#### [LISTED RECORDS]
----
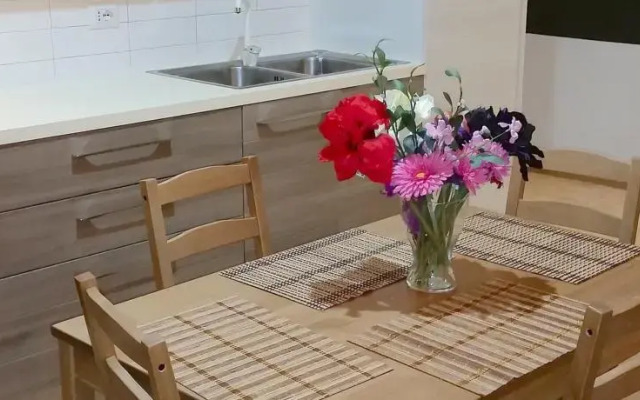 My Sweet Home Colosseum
----
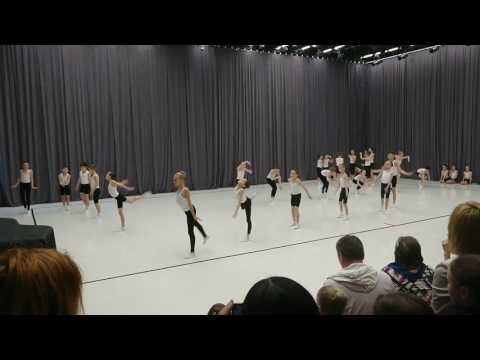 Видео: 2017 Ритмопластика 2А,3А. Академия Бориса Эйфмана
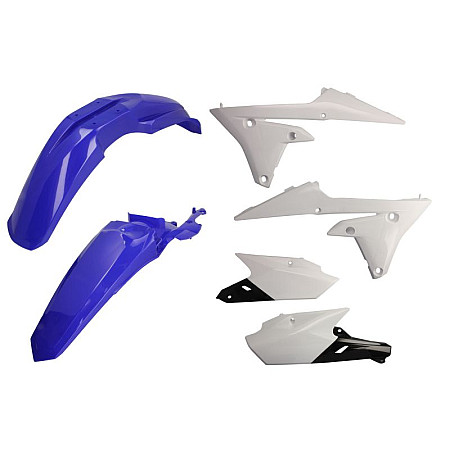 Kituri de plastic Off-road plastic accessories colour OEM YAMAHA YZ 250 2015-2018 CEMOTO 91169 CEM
----
#### [WHAT NEEDS TO BE DONE]
Give again the stretch of lines above from the one with "Видео: 2017 Ритмопластика" through the one with "Kituri de plastic", both ends kept, and copy no pictures.

#### [ANSWER BELOW]
 Видео: 2017 Ритмопластика 2А,3А. Академия Бориса Эйфмана
 Kituri de plastic Off-road plastic accessories colour OEM YAMAHA YZ 250 2015-2018 CEMOTO 91169 CEM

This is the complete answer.